Assignment:
Beginning with the line that holds "new 2025 Chevrolet" in the data below, give again every line through the one that holds "Image 1 sur", exactly as written.

Records for the exercise:

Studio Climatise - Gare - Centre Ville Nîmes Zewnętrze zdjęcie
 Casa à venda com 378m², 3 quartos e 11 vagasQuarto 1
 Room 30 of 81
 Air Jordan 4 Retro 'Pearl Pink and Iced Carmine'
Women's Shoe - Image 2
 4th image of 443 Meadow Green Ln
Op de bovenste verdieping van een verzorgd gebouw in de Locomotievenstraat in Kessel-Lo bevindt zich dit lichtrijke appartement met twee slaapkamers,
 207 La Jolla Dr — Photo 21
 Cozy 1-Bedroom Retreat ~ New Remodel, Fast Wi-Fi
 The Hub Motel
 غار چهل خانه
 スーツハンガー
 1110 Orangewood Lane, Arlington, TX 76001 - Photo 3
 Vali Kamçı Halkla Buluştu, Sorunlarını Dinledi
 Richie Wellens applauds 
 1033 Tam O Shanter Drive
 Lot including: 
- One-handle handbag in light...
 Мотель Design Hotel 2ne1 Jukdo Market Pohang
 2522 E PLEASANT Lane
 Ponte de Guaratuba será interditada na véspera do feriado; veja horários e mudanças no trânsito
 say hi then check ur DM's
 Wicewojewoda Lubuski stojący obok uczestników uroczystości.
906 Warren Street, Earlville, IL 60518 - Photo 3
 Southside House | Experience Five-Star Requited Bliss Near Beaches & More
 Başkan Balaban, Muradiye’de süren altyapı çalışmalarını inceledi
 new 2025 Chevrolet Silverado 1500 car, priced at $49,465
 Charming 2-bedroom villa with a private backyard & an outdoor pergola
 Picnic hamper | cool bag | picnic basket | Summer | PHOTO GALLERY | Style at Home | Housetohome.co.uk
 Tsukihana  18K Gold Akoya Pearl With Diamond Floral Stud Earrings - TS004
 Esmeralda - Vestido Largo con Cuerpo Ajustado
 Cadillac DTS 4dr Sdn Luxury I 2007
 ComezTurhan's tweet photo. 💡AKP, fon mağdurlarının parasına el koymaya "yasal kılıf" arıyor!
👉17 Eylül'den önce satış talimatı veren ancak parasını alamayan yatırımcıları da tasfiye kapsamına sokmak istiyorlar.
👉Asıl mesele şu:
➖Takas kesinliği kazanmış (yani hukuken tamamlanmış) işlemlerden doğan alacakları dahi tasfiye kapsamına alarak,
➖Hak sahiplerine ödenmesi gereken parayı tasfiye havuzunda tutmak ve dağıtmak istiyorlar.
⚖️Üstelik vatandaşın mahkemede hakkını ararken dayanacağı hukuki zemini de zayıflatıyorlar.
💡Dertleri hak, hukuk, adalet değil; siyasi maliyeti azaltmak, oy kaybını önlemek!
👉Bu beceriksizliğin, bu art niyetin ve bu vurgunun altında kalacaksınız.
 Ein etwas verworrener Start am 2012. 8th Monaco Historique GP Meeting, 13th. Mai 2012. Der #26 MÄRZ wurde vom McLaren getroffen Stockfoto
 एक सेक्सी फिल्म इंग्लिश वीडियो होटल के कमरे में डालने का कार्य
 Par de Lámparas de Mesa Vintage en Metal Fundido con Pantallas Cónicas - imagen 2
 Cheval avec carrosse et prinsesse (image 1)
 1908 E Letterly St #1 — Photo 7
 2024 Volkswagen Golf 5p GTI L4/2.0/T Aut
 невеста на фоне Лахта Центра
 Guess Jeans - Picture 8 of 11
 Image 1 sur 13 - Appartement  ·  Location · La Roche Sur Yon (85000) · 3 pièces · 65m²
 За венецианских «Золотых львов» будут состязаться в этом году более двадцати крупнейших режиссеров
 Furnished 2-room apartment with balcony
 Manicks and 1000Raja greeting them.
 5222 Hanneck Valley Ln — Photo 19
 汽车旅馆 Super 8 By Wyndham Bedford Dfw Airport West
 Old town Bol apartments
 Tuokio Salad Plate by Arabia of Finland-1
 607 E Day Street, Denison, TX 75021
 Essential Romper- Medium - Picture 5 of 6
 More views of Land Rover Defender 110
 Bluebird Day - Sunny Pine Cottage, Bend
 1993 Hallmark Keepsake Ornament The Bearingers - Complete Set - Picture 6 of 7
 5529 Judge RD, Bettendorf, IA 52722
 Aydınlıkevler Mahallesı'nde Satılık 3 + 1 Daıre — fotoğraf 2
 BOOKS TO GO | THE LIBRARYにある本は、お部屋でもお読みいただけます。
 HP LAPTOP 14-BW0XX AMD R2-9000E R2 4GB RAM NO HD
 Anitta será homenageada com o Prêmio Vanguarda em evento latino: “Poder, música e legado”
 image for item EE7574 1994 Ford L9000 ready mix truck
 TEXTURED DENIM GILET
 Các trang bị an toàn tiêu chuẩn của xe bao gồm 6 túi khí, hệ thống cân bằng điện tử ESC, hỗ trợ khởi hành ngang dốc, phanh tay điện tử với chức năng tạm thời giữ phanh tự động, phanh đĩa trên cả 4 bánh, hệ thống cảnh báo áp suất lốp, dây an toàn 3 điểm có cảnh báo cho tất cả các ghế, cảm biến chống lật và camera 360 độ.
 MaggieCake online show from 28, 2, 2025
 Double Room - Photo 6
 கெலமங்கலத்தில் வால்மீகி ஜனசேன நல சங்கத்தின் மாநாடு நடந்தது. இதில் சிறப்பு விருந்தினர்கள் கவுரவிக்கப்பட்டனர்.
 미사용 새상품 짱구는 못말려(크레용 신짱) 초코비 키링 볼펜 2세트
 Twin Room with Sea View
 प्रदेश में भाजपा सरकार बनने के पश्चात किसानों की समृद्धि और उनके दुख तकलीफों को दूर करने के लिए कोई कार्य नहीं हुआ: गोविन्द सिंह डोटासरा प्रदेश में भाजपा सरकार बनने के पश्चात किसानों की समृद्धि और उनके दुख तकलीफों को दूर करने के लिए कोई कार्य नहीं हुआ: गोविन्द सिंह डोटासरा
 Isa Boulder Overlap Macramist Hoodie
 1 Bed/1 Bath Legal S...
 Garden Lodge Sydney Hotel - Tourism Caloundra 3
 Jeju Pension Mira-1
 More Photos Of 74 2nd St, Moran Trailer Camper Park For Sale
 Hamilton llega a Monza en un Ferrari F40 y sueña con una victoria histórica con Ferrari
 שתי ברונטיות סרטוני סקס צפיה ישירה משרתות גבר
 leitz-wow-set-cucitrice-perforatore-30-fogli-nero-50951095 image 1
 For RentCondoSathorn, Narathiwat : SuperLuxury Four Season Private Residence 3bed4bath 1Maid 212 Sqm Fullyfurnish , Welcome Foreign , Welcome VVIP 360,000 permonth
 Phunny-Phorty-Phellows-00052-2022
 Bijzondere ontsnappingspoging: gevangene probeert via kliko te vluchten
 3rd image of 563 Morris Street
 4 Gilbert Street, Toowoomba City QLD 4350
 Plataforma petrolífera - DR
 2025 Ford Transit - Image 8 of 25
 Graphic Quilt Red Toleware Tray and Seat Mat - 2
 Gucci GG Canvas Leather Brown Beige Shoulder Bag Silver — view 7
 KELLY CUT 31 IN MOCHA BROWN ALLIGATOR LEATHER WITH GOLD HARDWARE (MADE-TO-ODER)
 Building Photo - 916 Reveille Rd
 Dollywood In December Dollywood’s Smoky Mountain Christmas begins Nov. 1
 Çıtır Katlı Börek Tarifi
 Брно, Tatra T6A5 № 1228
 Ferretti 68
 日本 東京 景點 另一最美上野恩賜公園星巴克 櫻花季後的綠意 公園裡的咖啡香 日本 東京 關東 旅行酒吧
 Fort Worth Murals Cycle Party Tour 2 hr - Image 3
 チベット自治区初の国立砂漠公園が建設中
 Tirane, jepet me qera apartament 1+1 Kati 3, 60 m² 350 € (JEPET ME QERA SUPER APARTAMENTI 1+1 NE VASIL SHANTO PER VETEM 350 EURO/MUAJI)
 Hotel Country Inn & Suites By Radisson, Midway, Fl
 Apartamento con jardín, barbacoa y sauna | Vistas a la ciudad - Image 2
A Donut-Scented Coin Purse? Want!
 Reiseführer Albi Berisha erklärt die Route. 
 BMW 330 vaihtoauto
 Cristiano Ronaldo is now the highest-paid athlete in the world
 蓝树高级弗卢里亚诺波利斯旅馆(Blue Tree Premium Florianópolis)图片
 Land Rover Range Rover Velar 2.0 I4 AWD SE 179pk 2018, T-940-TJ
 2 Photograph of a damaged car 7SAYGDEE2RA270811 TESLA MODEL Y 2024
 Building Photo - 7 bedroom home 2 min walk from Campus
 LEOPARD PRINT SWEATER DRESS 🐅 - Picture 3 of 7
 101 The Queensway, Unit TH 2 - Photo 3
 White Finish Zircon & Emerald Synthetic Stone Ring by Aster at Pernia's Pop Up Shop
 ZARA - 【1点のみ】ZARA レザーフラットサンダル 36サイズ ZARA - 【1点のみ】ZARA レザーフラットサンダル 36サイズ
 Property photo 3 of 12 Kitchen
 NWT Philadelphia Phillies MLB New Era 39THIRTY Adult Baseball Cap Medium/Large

Solution:
 new 2025 Chevrolet Silverado 1500 car, priced at $49,465
 Charming 2-bedroom villa with a private backyard & an outdoor pergola
 Picnic hamper | cool bag | picnic basket | Summer | PHOTO GALLERY | Style at Home | Housetohome.co.uk
 Tsukihana  18K Gold Akoya Pearl With Diamond Floral Stud Earrings - TS004
 Esmeralda - Vestido Largo con Cuerpo Ajustado
 Cadillac DTS 4dr Sdn Luxury I 2007
 ComezTurhan's tweet photo. 💡AKP, fon mağdurlarının parasına el koymaya "yasal kılıf" arıyor!
👉17 Eylül'den önce satış talimatı veren ancak parasını alamayan yatırımcıları da tasfiye kapsamına sokmak istiyorlar.
👉Asıl mesele şu:
➖Takas kesinliği kazanmış (yani hukuken tamamlanmış) işlemlerden doğan alacakları dahi tasfiye kapsamına alarak,
➖Hak sahiplerine ödenmesi gereken parayı tasfiye havuzunda tutmak ve dağıtmak istiyorlar.
⚖️Üstelik vatandaşın mahkemede hakkını ararken dayanacağı hukuki zemini de zayıflatıyorlar.
💡Dertleri hak, hukuk, adalet değil; siyasi maliyeti azaltmak, oy kaybını önlemek!
👉Bu beceriksizliğin, bu art niyetin ve bu vurgunun altında kalacaksınız.
 Ein etwas verworrener Start am 2012. 8th Monaco Historique GP Meeting, 13th. Mai 2012. Der #26 MÄRZ wurde vom McLaren getroffen Stockfoto
 एक सेक्सी फिल्म इंग्लिश वीडियो होटल के कमरे में डालने का कार्य
 Par de Lámparas de Mesa Vintage en Metal Fundido con Pantallas Cónicas - imagen 2
 Cheval avec carrosse et prinsesse (image 1)
 1908 E Letterly St #1 — Photo 7
 2024 Volkswagen Golf 5p GTI L4/2.0/T Aut
 невеста на фоне Лахта Центра
 Guess Jeans - Picture 8 of 11
 Image 1 sur 13 - Appartement  ·  Location · La Roche Sur Yon (85000) · 3 pièces · 65m²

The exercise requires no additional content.